Red Onion Saloon Haunted?
One of the most recognizable spirits in the Red Onion Saloon is that of Lydia. Lydia was one of the prostitutes of the former brothel. The years may have passed but her spirit apparently did not. There have been various reports of footsteps heard on the second floor where the brothel used to be. The strong smell of perfume would linger in the air and there would also be extreme cold spots where the smell of perfume had originated.
Once there was a great disturbance in the upper floors so the police were called to check. As they approached the stairs, they saw a figure (believed to be the ghost of Lydia) running down the hall and into a room, a room which was once the former madame’s. Upon inspection the room was empty and there was nowhere for any intruder to go. Lydia is also said to water the plants. There have been many occasions when the hostess of the house would find the soil damp, as if someone had watered it recently.
Lydia has been seen many times in full apparition and she has also been observed walking around the madame’s room. It is said that sometimes she can be hostile towards men. However, it has not been established if she died in the house.
The Red Onion Saloon was originally a whorehouse, but throughout its lifetime it has served more than its purpose. The building had white paint and dark trimmings when it was originally opened. It had two stories and a storefront window. The first floor was and is currently a saloon. The second floor had 10 small rooms referred to as cribs, where the madams would entertain their “guests”. The brothel opened in 1898 and the ladies serviced the gold miners in the area for a fee.
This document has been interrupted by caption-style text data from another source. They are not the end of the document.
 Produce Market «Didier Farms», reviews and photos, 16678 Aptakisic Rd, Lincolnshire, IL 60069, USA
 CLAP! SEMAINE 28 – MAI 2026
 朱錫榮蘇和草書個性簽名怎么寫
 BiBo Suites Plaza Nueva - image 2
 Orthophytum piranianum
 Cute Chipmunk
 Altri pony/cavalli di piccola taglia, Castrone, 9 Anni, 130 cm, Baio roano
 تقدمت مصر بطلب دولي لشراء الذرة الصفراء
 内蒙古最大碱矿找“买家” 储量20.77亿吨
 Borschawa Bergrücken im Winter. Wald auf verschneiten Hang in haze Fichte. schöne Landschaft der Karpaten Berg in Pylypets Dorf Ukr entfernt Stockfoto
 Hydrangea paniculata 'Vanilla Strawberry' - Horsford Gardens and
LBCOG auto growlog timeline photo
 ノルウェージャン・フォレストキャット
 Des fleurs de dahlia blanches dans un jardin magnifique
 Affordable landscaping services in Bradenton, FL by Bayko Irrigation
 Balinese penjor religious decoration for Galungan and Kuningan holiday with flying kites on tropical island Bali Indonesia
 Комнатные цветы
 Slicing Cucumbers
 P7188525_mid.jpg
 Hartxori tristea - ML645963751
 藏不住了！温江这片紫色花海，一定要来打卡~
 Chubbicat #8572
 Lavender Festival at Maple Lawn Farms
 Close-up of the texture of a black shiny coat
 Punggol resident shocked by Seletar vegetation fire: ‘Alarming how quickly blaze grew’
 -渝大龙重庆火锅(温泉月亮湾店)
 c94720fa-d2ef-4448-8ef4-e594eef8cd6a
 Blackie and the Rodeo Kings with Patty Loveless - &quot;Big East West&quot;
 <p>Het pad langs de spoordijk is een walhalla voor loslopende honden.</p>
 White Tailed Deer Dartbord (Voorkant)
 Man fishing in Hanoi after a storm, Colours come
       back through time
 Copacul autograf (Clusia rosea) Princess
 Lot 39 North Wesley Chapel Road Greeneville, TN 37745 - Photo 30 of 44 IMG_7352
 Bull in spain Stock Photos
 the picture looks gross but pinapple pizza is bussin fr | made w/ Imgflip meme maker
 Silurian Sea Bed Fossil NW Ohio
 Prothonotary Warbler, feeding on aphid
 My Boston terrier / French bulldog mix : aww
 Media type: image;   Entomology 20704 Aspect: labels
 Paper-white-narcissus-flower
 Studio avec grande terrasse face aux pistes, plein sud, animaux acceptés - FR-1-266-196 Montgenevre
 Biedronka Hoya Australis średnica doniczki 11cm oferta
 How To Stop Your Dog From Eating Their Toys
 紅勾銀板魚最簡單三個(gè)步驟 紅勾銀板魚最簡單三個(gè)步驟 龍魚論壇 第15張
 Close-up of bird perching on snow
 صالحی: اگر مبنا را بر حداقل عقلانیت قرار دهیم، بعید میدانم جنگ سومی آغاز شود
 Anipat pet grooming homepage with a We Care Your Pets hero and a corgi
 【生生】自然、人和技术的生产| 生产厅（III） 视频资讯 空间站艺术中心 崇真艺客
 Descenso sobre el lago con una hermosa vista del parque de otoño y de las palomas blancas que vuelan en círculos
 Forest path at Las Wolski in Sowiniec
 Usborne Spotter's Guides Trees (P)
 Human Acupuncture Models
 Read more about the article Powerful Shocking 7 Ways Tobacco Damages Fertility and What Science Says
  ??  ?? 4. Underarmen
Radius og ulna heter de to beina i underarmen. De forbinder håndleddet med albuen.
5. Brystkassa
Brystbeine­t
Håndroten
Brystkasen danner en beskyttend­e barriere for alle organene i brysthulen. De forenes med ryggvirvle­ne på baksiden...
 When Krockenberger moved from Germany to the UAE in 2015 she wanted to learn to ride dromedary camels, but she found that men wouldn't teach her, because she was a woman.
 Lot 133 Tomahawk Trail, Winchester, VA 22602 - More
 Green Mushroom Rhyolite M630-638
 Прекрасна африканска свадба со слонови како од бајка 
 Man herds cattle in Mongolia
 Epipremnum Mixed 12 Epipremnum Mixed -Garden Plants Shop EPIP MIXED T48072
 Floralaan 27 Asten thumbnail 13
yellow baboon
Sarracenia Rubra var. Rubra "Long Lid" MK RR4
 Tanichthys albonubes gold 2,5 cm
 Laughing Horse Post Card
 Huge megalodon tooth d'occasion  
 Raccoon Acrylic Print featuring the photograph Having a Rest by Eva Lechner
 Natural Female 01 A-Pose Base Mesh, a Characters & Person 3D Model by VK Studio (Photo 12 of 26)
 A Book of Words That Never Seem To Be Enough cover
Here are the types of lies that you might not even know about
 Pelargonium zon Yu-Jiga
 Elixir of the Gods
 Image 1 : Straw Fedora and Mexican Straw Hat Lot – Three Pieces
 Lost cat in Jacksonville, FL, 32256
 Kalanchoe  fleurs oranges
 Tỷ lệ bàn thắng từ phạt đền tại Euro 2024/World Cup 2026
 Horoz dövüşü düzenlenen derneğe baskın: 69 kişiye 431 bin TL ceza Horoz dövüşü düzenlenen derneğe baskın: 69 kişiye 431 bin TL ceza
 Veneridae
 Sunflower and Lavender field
The men who passed through had a unique way of ordering something personal from the girls. There were 10 dolls behind the bars representing each of the 10 ladies on the second floor. If the doll was laid flat on her back, it meant she was “busy”. If the doll sat upright, it means that the lady is available. The Red Saloon was also one of the classiest dance halls in town.
As more and bigger dance halls began to be built, business dwindled in the saloon. It became harder to lure more customers in. The saloon has been used as an army barracks, a bakery, a laundry, a union hall, a gift shop and a television station. It is again open for business with guided tours with historians dressed as madams of the day. Stepping inside the Red Onion Saloon today is just like going back in time.
There are also barmen and musicians in period costume ready to serve you the finest drinks. It’s like stepping back in time to when the town was in the height of the gold rush.